**ACTION ITEM:** Would you return the lines that run from the start of the data below to the line with "Bon Charge Clarke", both included, exactly as written and without pictures?

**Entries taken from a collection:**
·····
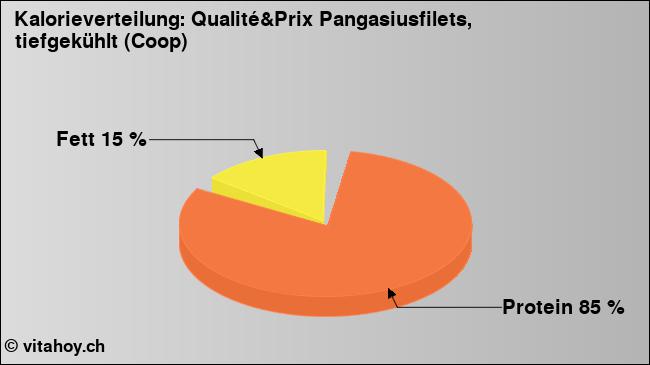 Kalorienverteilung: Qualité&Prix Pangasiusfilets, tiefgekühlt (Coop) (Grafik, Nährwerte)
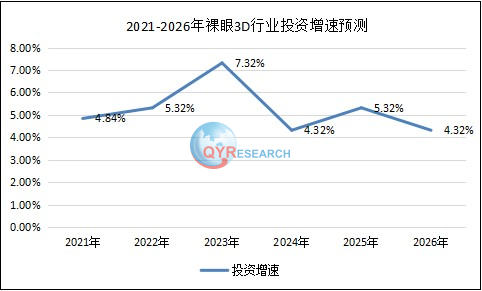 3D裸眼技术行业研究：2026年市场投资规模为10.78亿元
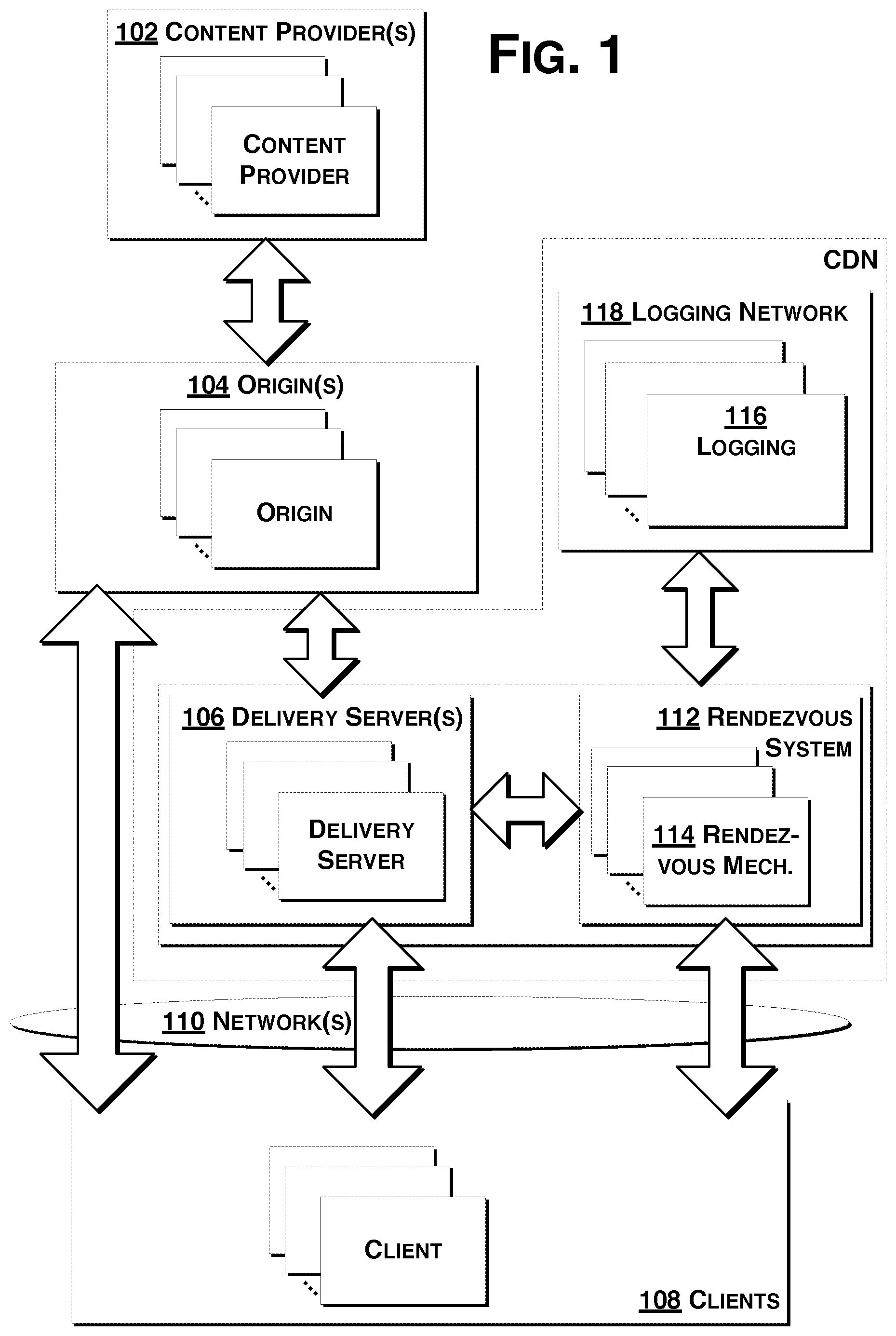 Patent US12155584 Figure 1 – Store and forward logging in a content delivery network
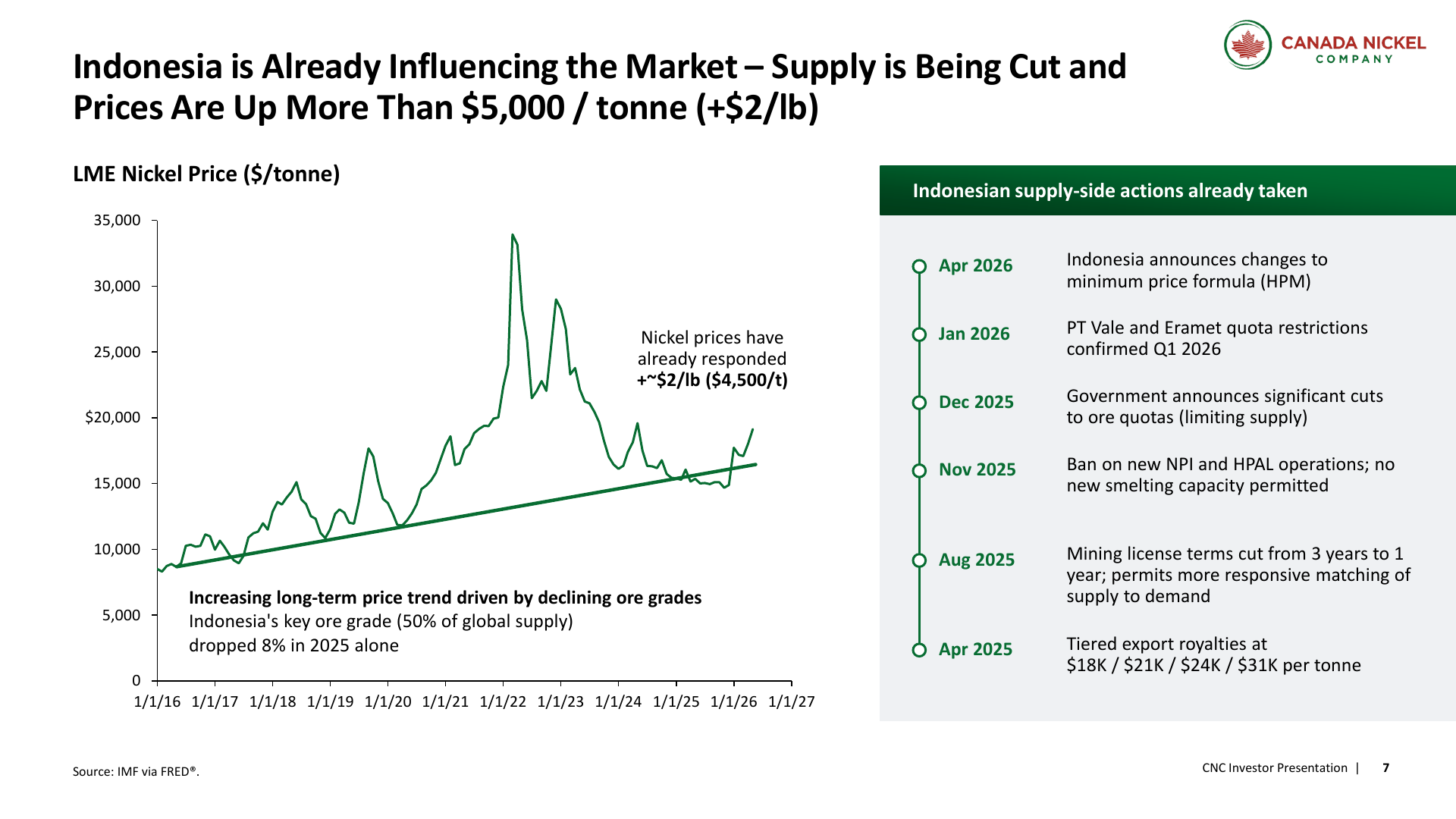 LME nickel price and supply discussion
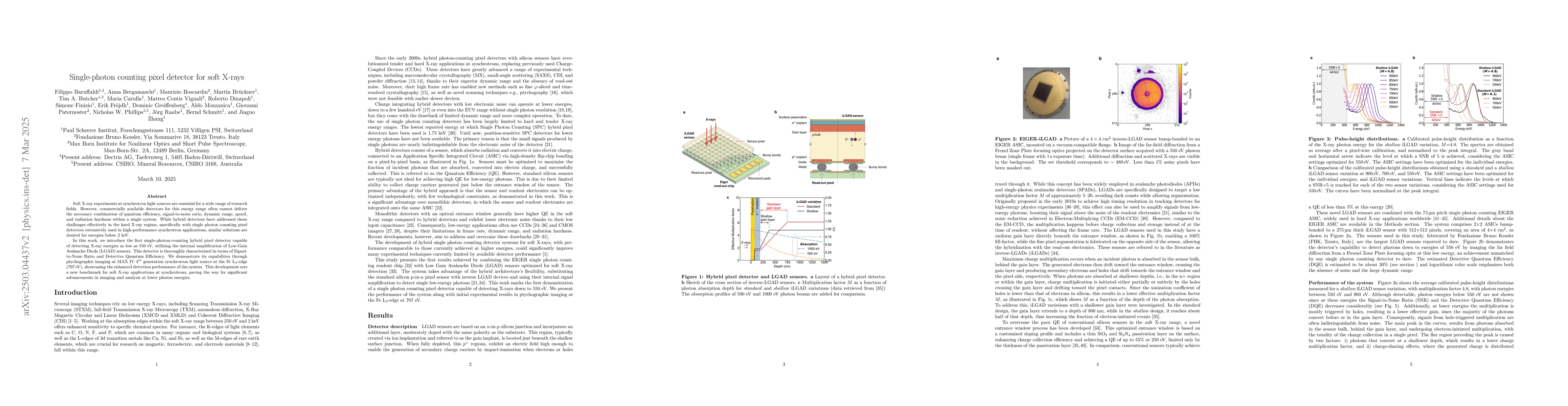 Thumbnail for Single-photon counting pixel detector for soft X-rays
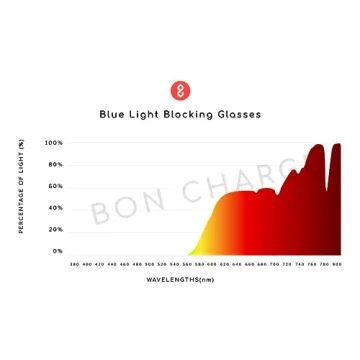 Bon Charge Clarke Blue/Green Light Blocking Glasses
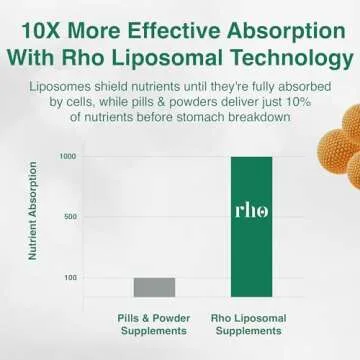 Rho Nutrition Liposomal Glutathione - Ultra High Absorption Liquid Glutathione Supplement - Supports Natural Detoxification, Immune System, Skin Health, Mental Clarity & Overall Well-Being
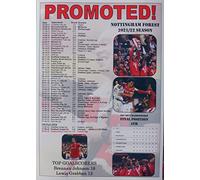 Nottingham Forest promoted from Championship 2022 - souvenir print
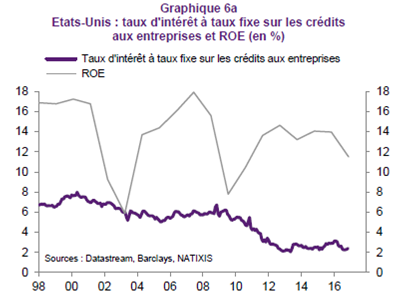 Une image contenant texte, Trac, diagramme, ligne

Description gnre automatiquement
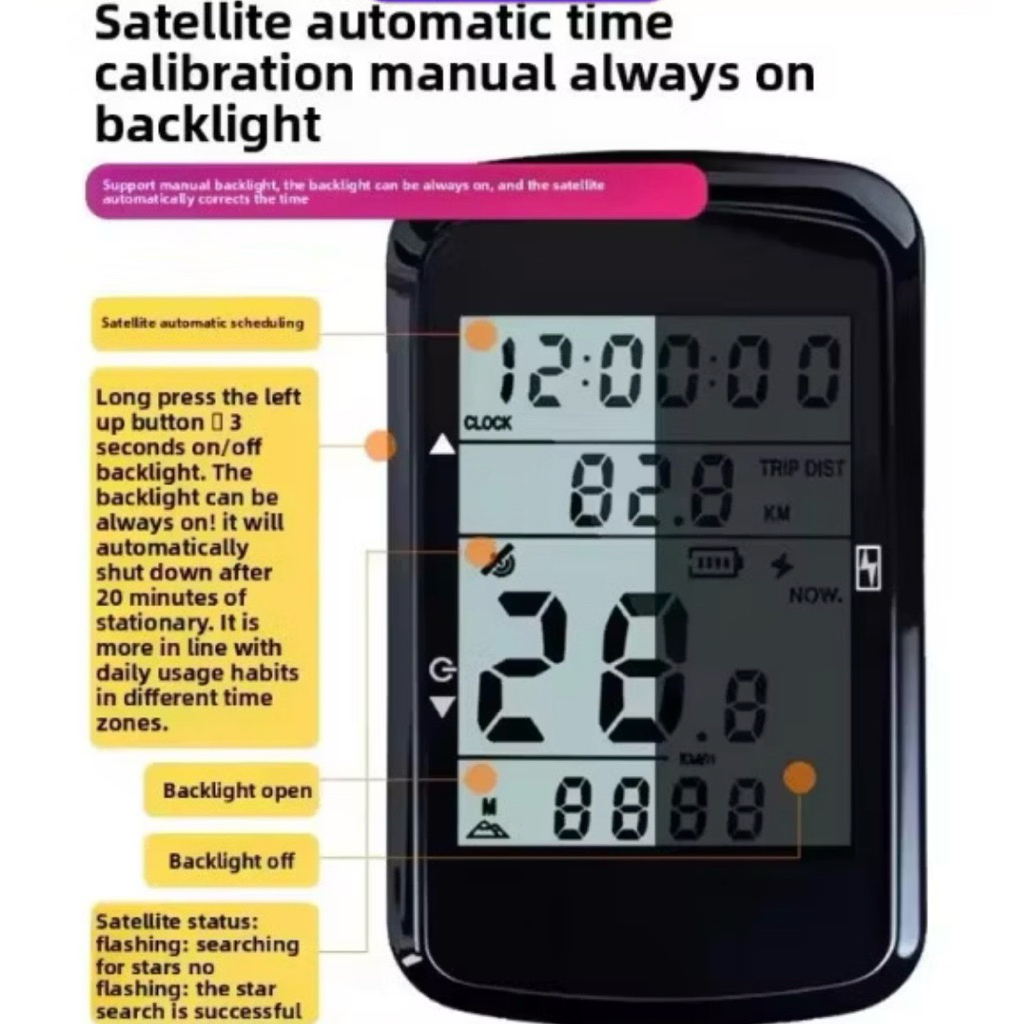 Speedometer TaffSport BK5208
·····
**TASK RESPONSE:**
 Kalorienverteilung: Qualité&Prix Pangasiusfilets, tiefgekühlt (Coop) (Grafik, Nährwerte)
 3D裸眼技术行业研究：2026年市场投资规模为10.78亿元
 Patent US12155584 Figure 1 – Store and forward logging in a content delivery network
 LME nickel price and supply discussion
 Thumbnail for Single-photon counting pixel detector for soft X-rays
 Bon Charge Clarke Blue/Green Light Blocking Glasses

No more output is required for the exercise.